Exactly retype the lines below from the one containing "For Sale Woodlawn Illinois, 12348 Ring Lane" through the end of the listing. Leave pictures out.

## DATA EXTRACT

=== Section Start ===

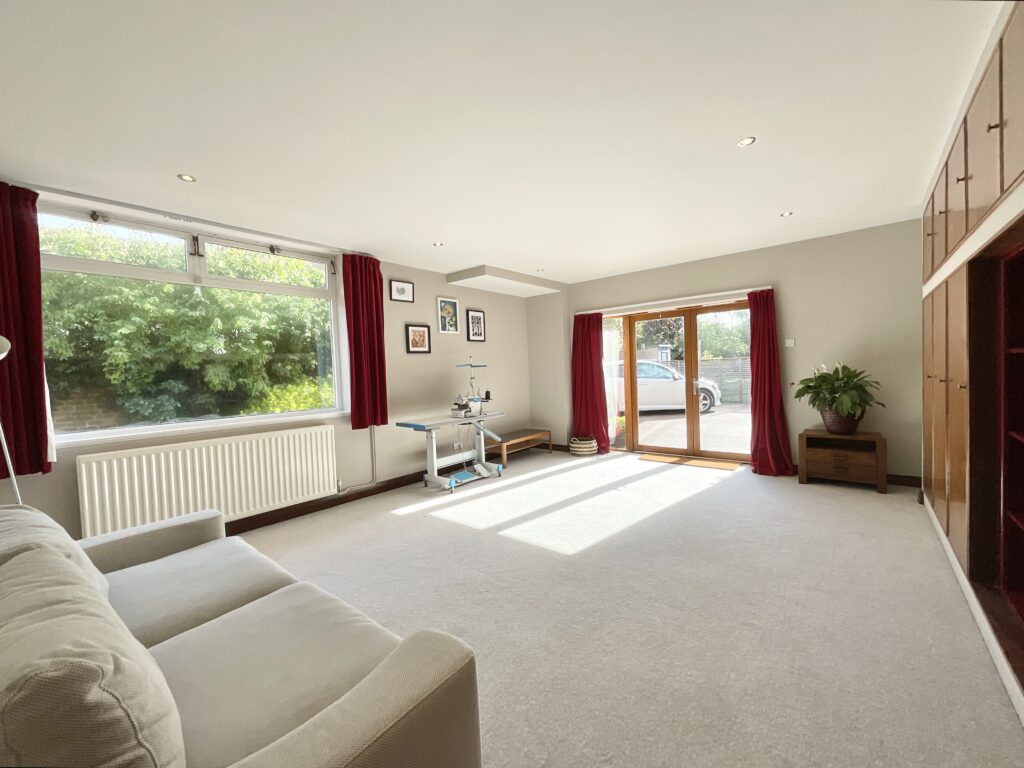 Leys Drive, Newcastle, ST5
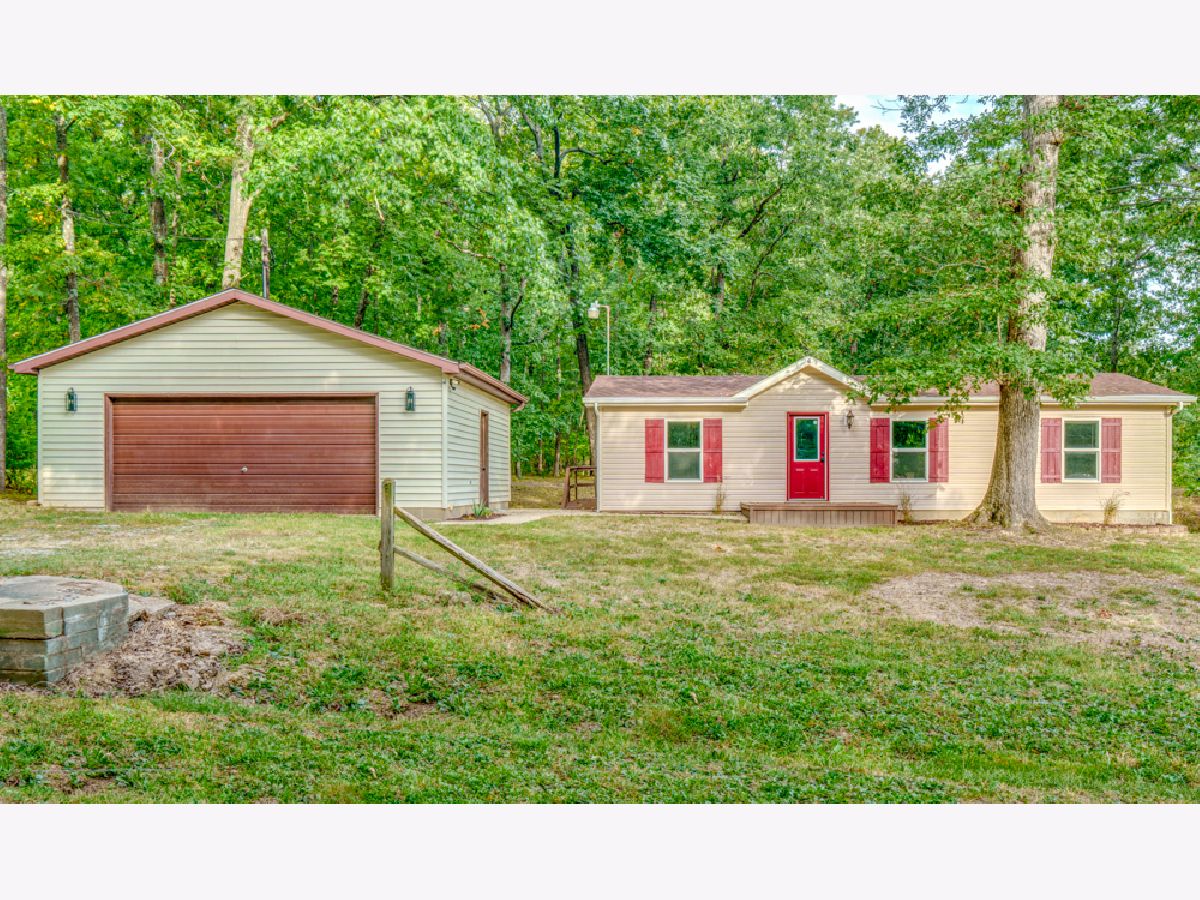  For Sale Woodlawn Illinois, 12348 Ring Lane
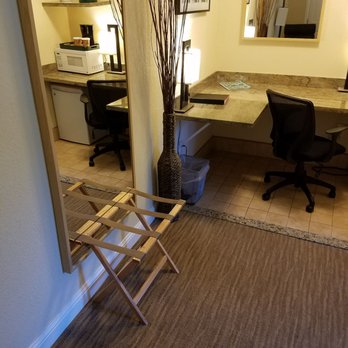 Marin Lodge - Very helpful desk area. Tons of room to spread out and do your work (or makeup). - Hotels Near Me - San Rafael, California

=== Section End ===

## SOLUTION
  For Sale Woodlawn Illinois, 12348 Ring Lane
 Marin Lodge - Very helpful desk area. Tons of room to spread out and do your work (or makeup). - Hotels Near Me - San Rafael, California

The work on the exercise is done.